Life insurance is a necessary risk management tool, but insurance against any risk should be purchased only where a rational cost-benefit analysis can be conducted.

Life insurance is a necessary risk management tool for many families, but in our almost 40 years of experience, many buyers are misinformed, and many fail to conduct the proper research before purchasing.

This is especially true when considering “blended” insurance and investment products. We’ll show you our analysis that strips away the marketing magic and exposes the sobering reality in three specific scenarios in which insurance policies were sold, or attempted to be sold, that make no financial sense for the consumer.

Start by Understanding How Insurance Companies Work

Insurance companies make money in two ways — through underwriting (paying out less in benefits than they take in in premiums), and by investing the premiums, which are earned well in advance of when the benefits are paid. This is called ‘float.’

To begin with, consumers should be aware that insurance agents operate under no obligation to put the clients’ best interests before their own. The insurance agent is compensated by a commission, most of which is paid at the time of sale (this can also be thought of as a front end sales load). In fact, many insurance companies offer commissions that can be over 100 percent of the initial premium. You read that right — the agent receives more for selling you the product than the check you write for your first payment.

In other words, the insurance company is willing to take a loss at first, because the profits it can earn over time are far greater. Of course, these profits come from one place — the consumer. We are not speculating on this point — we have actually experienced it first-hand, back long ago when we were offered insurance commissions of as much as 120 percent of the first year’s premium!

The policies insurance companies want to sell — the ones in which they make the greatest profit — are actually a blend of term insurance (which can be useful, even necessary, for some consumers) with investment products (which tend to be mediocre, costly performers but which enable the insurance company to maintain higher and higher levels of float over the lifetimes of the policyholders. But term insurance, especially for young, healthy consumers, is inexpensive and therefore not terribly profitable for the insurance company. Given this fact, how do they make any money at all?

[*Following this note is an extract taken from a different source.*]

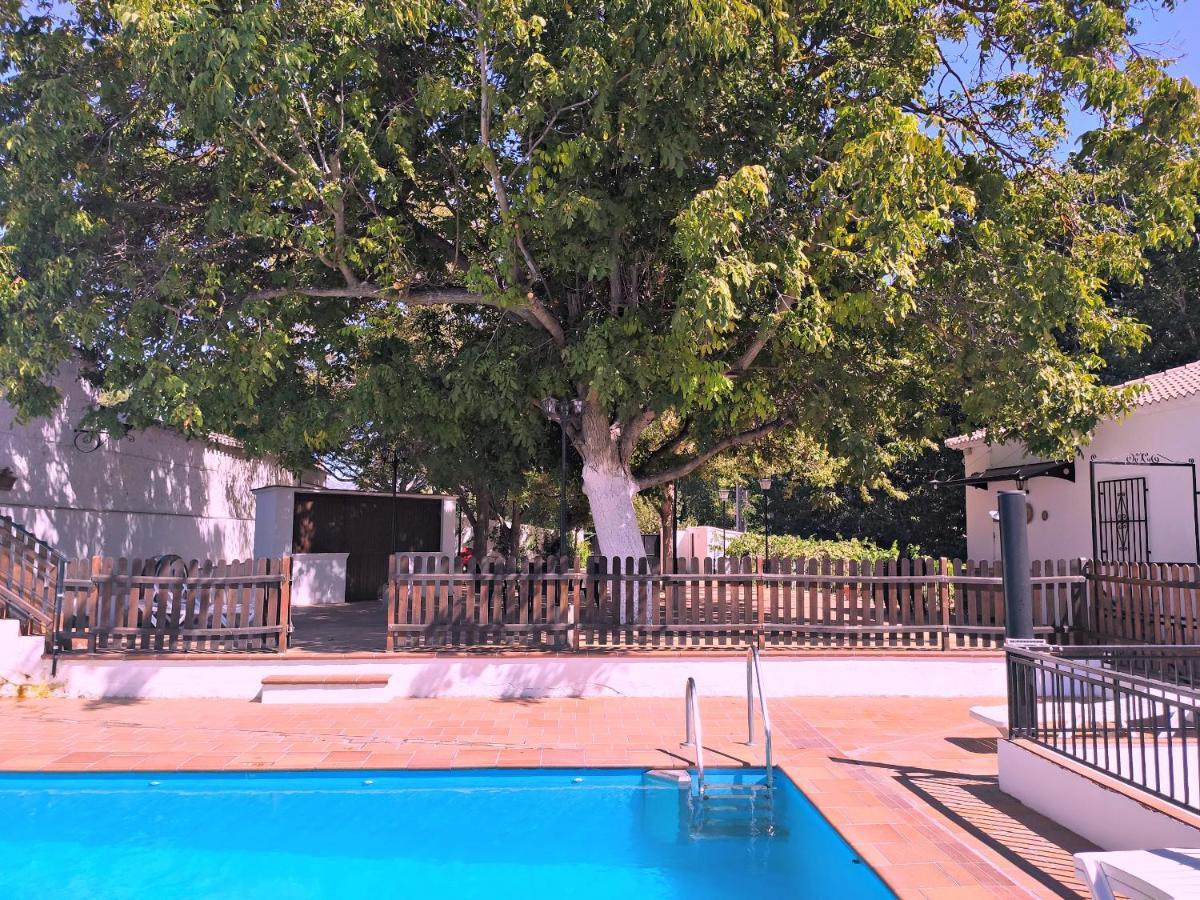 Complejo Apartamentos Rurales Molino De Abajo Ribera Baja  외부 사진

Why Insurance Companies Created “Blended” Insurance and Investment Products

Somewhere along the line, insurance companies figured out that the more they could collect in advance and then invest — the more float there is — the more money they can make, through management and administrative fees. As a result, over many years a dizzying array of investment products married to an underlying insurance policy have been created.

The ability to blend the two together has created even greater opportunity for obfuscation by the insurance companies and their sales force. Insurance agents are masterful marketers and are able to make ordinary — and sometimes much worse than ordinary — products look like pure magic. These go by names like universal life, variable life, and on and on.

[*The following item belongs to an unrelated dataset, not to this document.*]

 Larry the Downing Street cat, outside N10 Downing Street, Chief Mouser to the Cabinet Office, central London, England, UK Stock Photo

The dangerous combination of highly incentivized sales people, an emotional mindset, and a proliferation of “blended” products that are not easy to understand leads many consumers to be sold highly commissioned products that are unsuitable for them. We’ve seen many consumers own insurance products that aren’t a fit for their true needs, purchased based on emotion (encouraged by the sales person) rather than reasoning, logic and careful analysis.

But here’s the catch: the insurance companies make it really hard to determine the true cost of a blended product — it takes an experienced person with persistence and knowledge. Here are three examples of where analysis yields a sobering reality that is different from that which the sales person may convey.

Example #1: Unrealistically High Guaranteed Rates

What are you really getting when you buy an insurance product that blends insurance and investment exposure? All these products consist of insurance — which is easy to price and therefore to either recommend or not — and investments, which can also be analyzed and priced.

What investors need to keep in mind throughout is that capital markets provide certain returns by asset class, with attendant risks, over time, and no amount of product engineering can change that. They also need to realize that their performance in any investment is a function of the asset class, the skill of the manager (or lack thereof), and the costs.

Here’s a general rule we’ve found to be true over the last 40 years of our work:

Any time the insurance company shows you an illustration with what appear to be guaranteed rates of more than 2—3 percent, there is most likely some obfuscation going on. The 10-year treasury note currently yields just under 3 percent per year. There is no free lunch — any return above that entails some degree of risk, especially in light of the administrative and management fees on which the return is calculated.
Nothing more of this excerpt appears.